__EXERCISE GOAL__: Transcribe verbatim the span of lines that opens with the line containing "Neoprene vest Yon Sub" and closes with the last line of the data below.

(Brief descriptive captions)
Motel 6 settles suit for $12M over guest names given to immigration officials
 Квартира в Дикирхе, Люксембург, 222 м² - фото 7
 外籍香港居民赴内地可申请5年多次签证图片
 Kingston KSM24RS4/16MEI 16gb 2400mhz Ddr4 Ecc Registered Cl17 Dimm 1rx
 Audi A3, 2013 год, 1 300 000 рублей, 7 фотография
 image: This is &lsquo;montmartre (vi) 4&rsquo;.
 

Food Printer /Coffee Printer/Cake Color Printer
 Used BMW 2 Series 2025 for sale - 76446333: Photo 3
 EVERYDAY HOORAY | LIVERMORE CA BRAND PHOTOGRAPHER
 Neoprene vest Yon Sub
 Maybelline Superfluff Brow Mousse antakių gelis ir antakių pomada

__RESPONSE AREA__:
 Neoprene vest Yon Sub
 Maybelline Superfluff Brow Mousse antakių gelis ir antakių pomada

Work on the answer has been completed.